Facebook chief executive Mark Zuckerberg has praised Snapchat for creating a new niche for social media communication, calling it a "super interesting privacy phenomenon".
Zuckerberg made the remarks during an interview with Stanford University president John Hennessy on Tuesday night at the school's Palo Alto, California, campus. The talk, covered by TechCrunch, touched on many subjects, including NSA surveillance and the lack of venture capital funding for multi-billion-dollar public projects.
When the discussion turned to Snapchat - a company Facebook reportedly offered to buy for $3 billion last year - Zuckerberg offered a historical perspective, noting instant messaging offered a way to communicate between groups and blogs provided a way to share publicly. However, before Facebook, there was nothing in between.
"A lot of times you're not comfortable communicating it publicly, and maybe it's just not worth communicating it to a small set or that's not the full potential of what you want to communicate so you just don't do it. It just gets lost," he said.
Zuckerberg didn't appear to acknowledge the fact that Facebook users might feel less comfortable sharing on Facebook lately since the company recently made most users searchable on the site. Though users can employ groups to exchange private status updates on Facebook, a common perception is that whatever you write there will be on the site forever, and all your Facebook friends will see it.
Though Facebook has attempted to address that issue - and head off the phenomenal success of Snapchat - with its failed Snapchat clone Poke, Zuckerberg hinted there were more such innovations to come.

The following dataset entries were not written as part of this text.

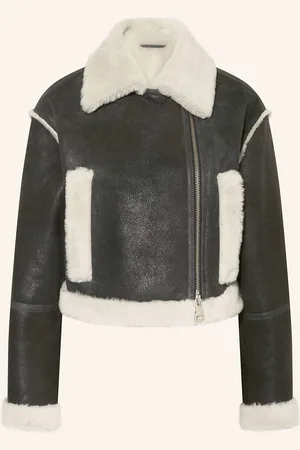 Mrs & HUGS Cropped-Lederjacke grau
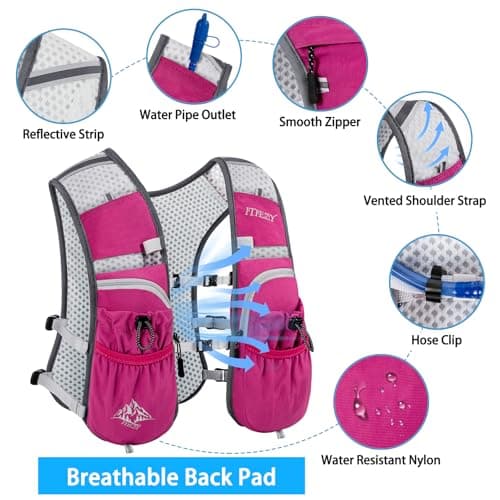 Waterproof Running Hydration Vest for Women - Adjustable Running Water Vest with 12 Pockets, Lightweight Hydration Pack Water Backpack for Hiking Trail Cycling Marathon Race, Pink - Thumbnail 5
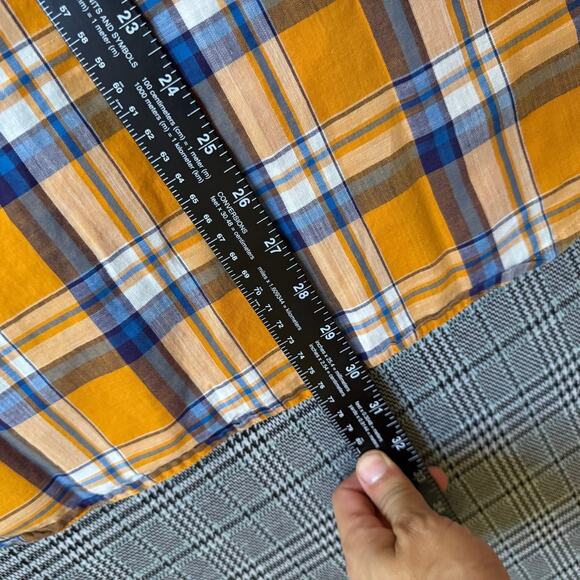 Banana Republic Shirt Orange Plaid Button-Up Slim Fit Size L - Picture 5 of 6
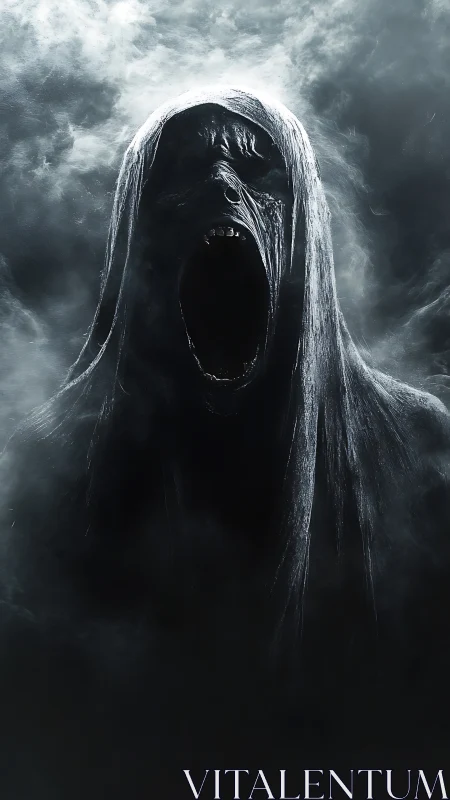 Shrouded wraith screaming in swirling monochrome fogscape.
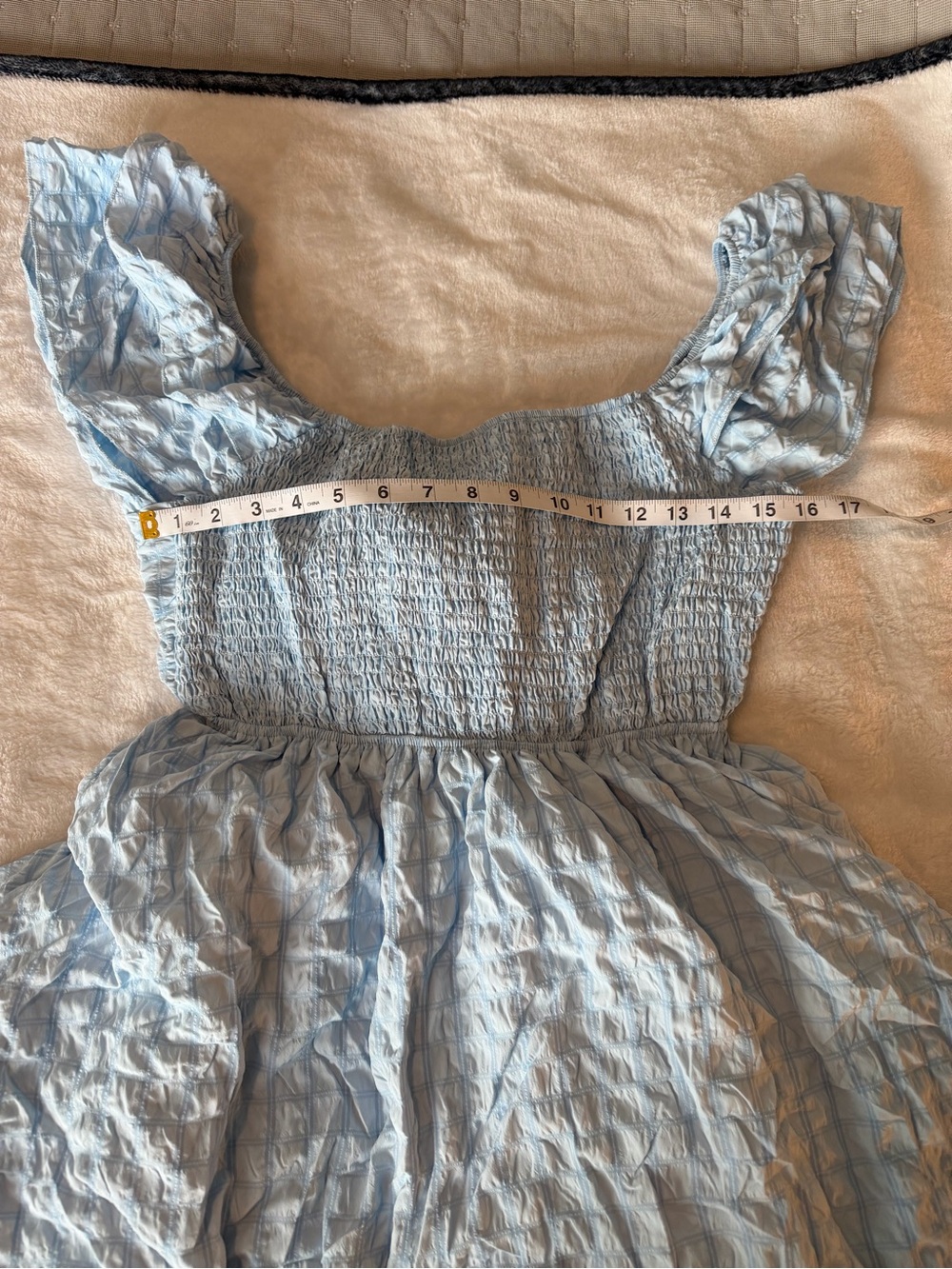 Simply Southern Light Blue Crinkle Ruffled Smocked Dress - Picture 13 of 14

"Snapchat is a super interesting privacy phenomenon because it creates a new kind of space to communicate, which makes it so that things that people previously would not have been able to share, you now feel like you have place to do so," he said. "That's really important, and that's a big kind of innovation that we're going to keep pushing on and keep trying to do more on, and I think a lot of other companies will, too."